*** Opening of GIVEN INFORMATION ***

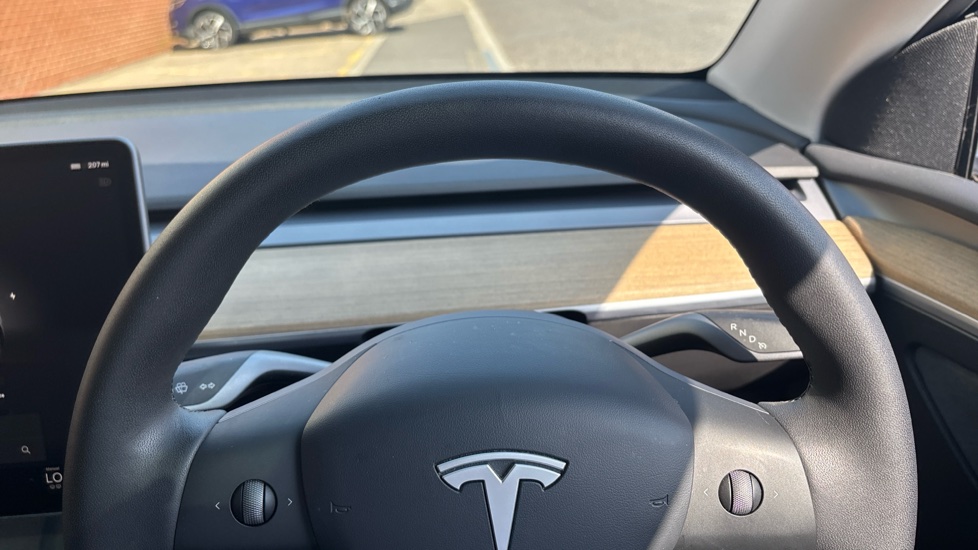 Tesla Model Y Long Range AWD 5dr Auto Electric Hatchback - Image 18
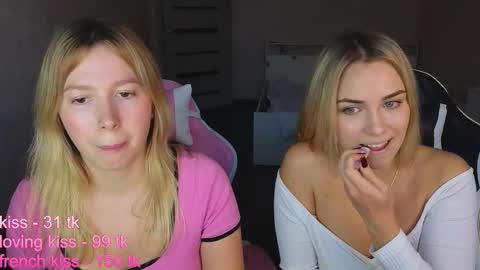 Snapshot of stefany_and_bettany chatting on 10-20-25, 02:06 stefany_and_bettany online show from 10-20-25, 02:06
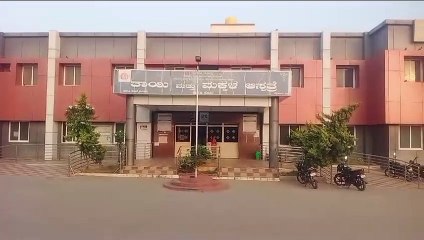 ಹೆಚ್​ಡಿ ಕೋಟೆ ತಾಲೂಕಿನ ಗ್ರಾಮವೊಂದರ ಚರಂಡಿಯಲ್ಲಿ ನವಜಾತ ಶಿಶು ಪತ್ತೆ : ಸರ್ಕಾರಿ ಆಸ್ಪತ್ರೆಗೆ ರವಾನೆ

*** Close of GIVEN INFORMATION ***

> [INSTRUCTIONS TO FOLLOW] Going from the line that holds "Snapshot of stefany_and_bettany" to the end of the listing above, copy each line exactly and nothing more, leaving pictures aside.

> [EXERCISE SOLUTION]
 Snapshot of stefany_and_bettany chatting on 10-20-25, 02:06 stefany_and_bettany online show from 10-20-25, 02:06
 ಹೆಚ್​ಡಿ ಕೋಟೆ ತಾಲೂಕಿನ ಗ್ರಾಮವೊಂದರ ಚರಂಡಿಯಲ್ಲಿ ನವಜಾತ ಶಿಶು ಪತ್ತೆ : ಸರ್ಕಾರಿ ಆಸ್ಪತ್ರೆಗೆ ರವಾನೆ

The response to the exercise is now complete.